1. Even if you understand that stealing is part of a developmental stage, you still need to make it clear that theft is wrong in order for your child to stop doing it. Start this teaching right from kindergarten age. Express your displeasure over seeing people’s property in your home, even the ones he borrows from his mates should not be exempted. Educate your children on how to always be contented with the things they have. And let them know the implication of stealing.

2. Always praise honesty in your home. Praise your child whenever he is honest to you; for example, you can praise your child for bringing your forgotten balance to you when you send him on errand. You can also try your child’s honesty. A parent can deliberately throw some money or valuable things around the house. If your child brings them back to you, praise him because it is a remarkable behavior that most parents overlook. You can also send your child on errand without asking for your balance. If your child returns your balance to you, such child needs to be praised. If he does not, educate him more about stealing, don’t relent. And never imply that your child is bad. Stealing is bad, not the child. Do not call your child a thief, dishonest, or a liar or any other name that you do not want him to become. When you give a child a label, he will grow to fill that label.

3. After the act of theft, parents should create time for further counseling. They don’t have to counsel only when the act is done. They can even counsel such child when they go for strolling. Such counseling is necessary because the child is not in a panicky state; he is well relaxed, unlike when he is caught in the act of stealing.

4. Visitation to prisons will be of help too. This will give your child the idea of what thieves go through when they are caught and prosecuted by law.

5. Be a model of honesty too as a parent. Children learn by watching their parents. You should show concern about the property rights of others. A parent who brings office supplies home or boasts about a mistake at the market where the seller gives her excess change, teaches his child that honesty is not important.

6. Try to always give the child attention, and also his necessary needs. If he needs certain things to be part of his peer group, make sure that he gets them. Children are completely dependent on their parents for their needs. A child whose needs are not met will use any means to get what they want.

7. Watch the kind of friends your child is going out with. If you notice that your child’s friend is stealing, try to separate them. This is because a child learns more from their peer group, and sometimes a child may steal to prove bravery to friends. So, as a parent, be very watchful of your child’s friends.

8. Find out the cause. Sometimes, anger, poor self esteem and boredom can make a child steal. Knowing the cause and trying to solve that cause can help too.

In conclusion, it is important to curb stealing in children right from when they are small. You can start by stopping a child who is fond of bringing people’s items home right from kindergarten.
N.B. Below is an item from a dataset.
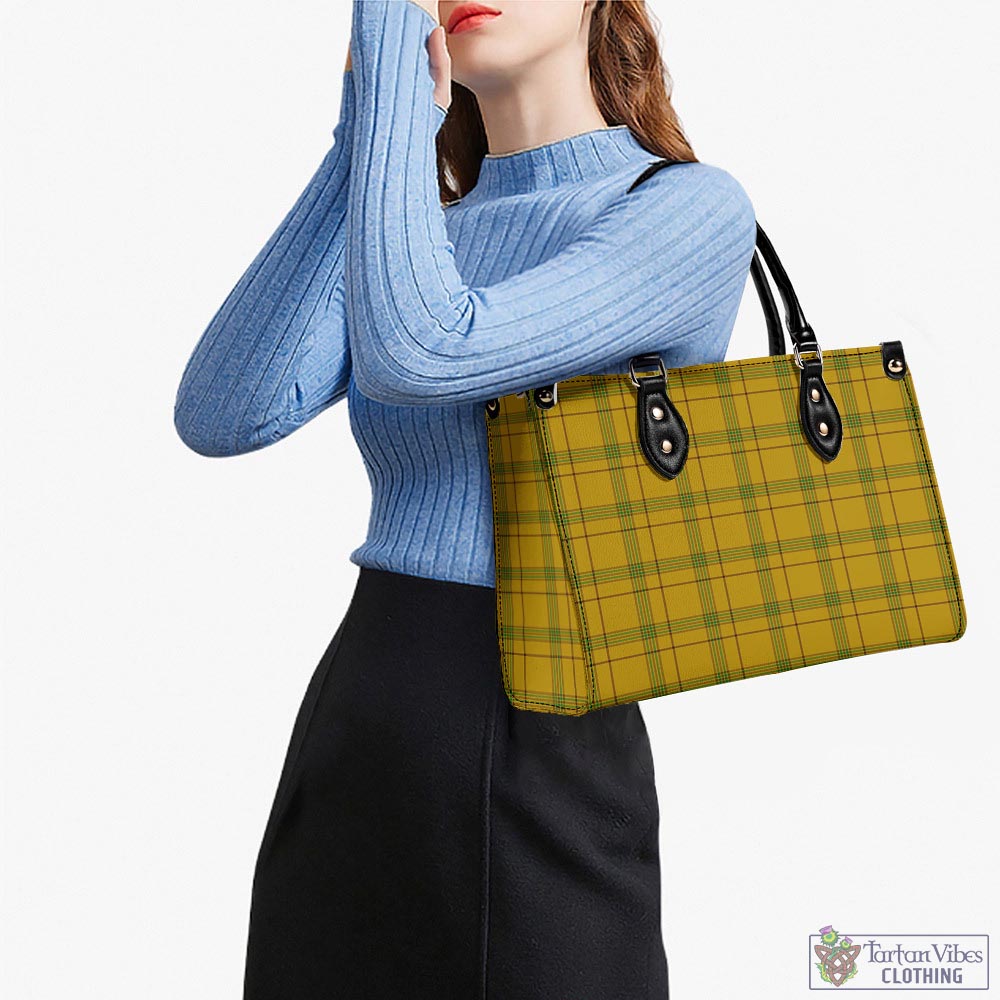 Houston Tartan Luxury Leather Handbags - Tartan Vibes Clothing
Bringing people’s items home is a common problem among children and you should view it like any other mistake your child makes. See it as something that has to be corrected; it is not more than that. If you handle it rightly and calmly, you can correct this problem easily. And more importantly, continue to trust your child. If your child is stealing, it does not mean he is bad or a thief. You don’t want your reaction to make him that way, do you? Your child will fulfill that which is your expectation of him. If you view him as a thief, bad or dishonest, then he will grow into that label. Think positive and be optimistic. Your child is your future.